Contrary to Lord Keynes book keeping tricks (by a Central Bank or by private bankers) are not "the same" as real SAVINGS - credit-money expansion is utterly different from real savings (see Hunter Lewis "Where Keynes Went Wrong" for this point).
If there is more gold (because people are digging lots out of the ground) prices may go up (if the gold is increasing faster than the increase in the production of goods and services) but that (ON ITS OWN) is NOT a boom-bust.
Only if with gold as money (or silver, or government fiat notes - or anything) bankers build a inverted pyramid of debt can a classic boom-bust occur. The "boom" being the expansion of credit money, and the BUST being the inveitable correction (which will come - sooner or later).
Getting rid of gold does not prevent this - on the contrary it makes credit-money bubbles (i.e. boom BUSTS) BIGGER - vastly bigger.
As does CENTRAL BANKING.
Creating a Central Bank does not limit the size of banking credit bubbles - it is absurd for Keynesians (of all people) to imply that it does.
The whole point of Central Banking is to EXPAND credit - to make the credit-money bubbles BIGGER.
That is what Benjamim Strong (of the New York Fed) did in the late 1920s (thus showing that a gold STANDARD does not prevent government utterly perverting the capital structure with malinvestments) thus leading to the BUST of 1929 (the bust that came as such a surprise to Irving Fisher - just as the bust of 1921 had utterly surprised him, although "Austrian School" economists predicted both crashes, so much for "empirical" economics, so "empirical" it ignores evidence and learns nothing by experience).

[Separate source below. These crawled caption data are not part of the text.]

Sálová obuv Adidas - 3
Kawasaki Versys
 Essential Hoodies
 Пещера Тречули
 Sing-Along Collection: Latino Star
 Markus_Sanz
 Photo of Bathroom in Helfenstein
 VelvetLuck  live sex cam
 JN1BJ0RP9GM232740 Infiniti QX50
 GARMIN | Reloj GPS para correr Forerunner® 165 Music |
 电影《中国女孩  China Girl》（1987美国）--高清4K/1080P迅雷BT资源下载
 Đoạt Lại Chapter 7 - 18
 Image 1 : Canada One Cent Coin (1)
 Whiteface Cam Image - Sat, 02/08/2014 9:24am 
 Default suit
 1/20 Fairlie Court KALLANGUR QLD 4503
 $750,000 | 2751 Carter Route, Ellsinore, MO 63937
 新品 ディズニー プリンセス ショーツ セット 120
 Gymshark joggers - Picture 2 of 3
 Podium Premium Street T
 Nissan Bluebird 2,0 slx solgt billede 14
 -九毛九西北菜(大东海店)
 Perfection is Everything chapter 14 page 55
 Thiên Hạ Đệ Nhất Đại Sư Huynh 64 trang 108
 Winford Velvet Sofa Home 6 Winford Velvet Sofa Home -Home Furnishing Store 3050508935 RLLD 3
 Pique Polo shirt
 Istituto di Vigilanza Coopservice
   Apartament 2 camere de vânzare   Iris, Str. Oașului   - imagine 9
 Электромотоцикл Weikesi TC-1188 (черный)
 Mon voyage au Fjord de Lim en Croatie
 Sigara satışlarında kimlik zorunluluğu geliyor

However, Alan Greenspan (without any gold STANDARD) did much the same thing as Benjamin Strong did - Greenspan did it for years in the run up to the 2008 bust (his support for credit money expansion made a the great BUST inevitable - time and time again Alan Greenspan "saved the world", i.e. saved the credit bubble, but he "saved it" by making it BIGGER AND BIGGER - thus making the eventual bust WORSE AND WORSE).
And, of couse, B.B. (of only that stood for "Bilbo Baggins" - he would have more sense), is carrying on the monetary antics.
He has not yet got to the stage of "throwing money from helecopters" (after all that would not profit bankers or other special interests), but B.B. has done everything short of that.
All in a desperate effort to create a boom-let in order to reelect Barack Obama.
Is that the sort of monetary system that Keynesians (and Chicago people) want?
A monetary system based on POLITICAL WHIMS - where the "long term" in November 6th?
Is that what you want?
If the answer is "yes" then wait for 2013.
If you think what happened in New South Wales (and so on) in the 1860s was bad (although did not the American Civil War rather disrupt the world economy in this period?) then wait for 2013.
2013 and 2014 (and onwards) in the United States (and the rest of the Western World)will make what happened in New South Wales (and so on) in the 1860s look like a picnic.
Your credit bubble government fiat monetary system will be discredited - utterly discredited.
Still at least the "mainstream" media (including dear Time magazine) will be destroyed by the economic collapse.